Ask any mother, the pain of losing a child at any age is a heavy weight to carry. Sarah Walker Cleaveland, a Spiritual Director, shares her thoughts on trying to lose weight after losing her twin boys 19 weeks into the pregnancy. She says,
You would think that the death of twin boys and our grief surrounding that loss would be all-consuming. What is a few extra pounds in the face of such a loss? But, if I’m honest, on a day to day basis, it is the extra weight that bothers me the most. Maybe it is that the death of babies is too big to grasp most days, too big to carry around when the rest of life goes on. Or maybe it is simply that extra weight is the only thing that is tangibly different in my life now that we are no longer pregnant. Whatever the reason, the weight bothers me.
I told my spiritual advisor about it one day. It’s so frustrating I complained. And I’m so frustrated that this is the aspect of our loss that frustrates me the most. Sounds normal she said. Sounds like you are carrying the weight of this loss with you in more ways than one. Oh I thought.

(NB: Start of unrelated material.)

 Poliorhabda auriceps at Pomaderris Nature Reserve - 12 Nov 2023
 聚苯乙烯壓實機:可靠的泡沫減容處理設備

Maybe that’s it. Maybe that is how we are to live the resurrection. We all carry the weight of the world – the violence in the Middle East, the economic crisis, the state of public school education, the destruction of tornadoes, tsunamis, earthquakes, and floods. We carry the weight of the loss of loved ones, the loss of dreams, and the loss of jobs. We bear the scars of mistakes learned, tragedies overcome, and pain endured. Even after the resurrection, Jesus showed his scars to Thomas. And with Thomas’ doubt, Peter’s denial, and the disciples’ fear, Jesus still called them – just as they are to live the resurrection. And like any grieving mother, one never stops carrying the weight, but Christ still calls us just as we are to share the weight of the world.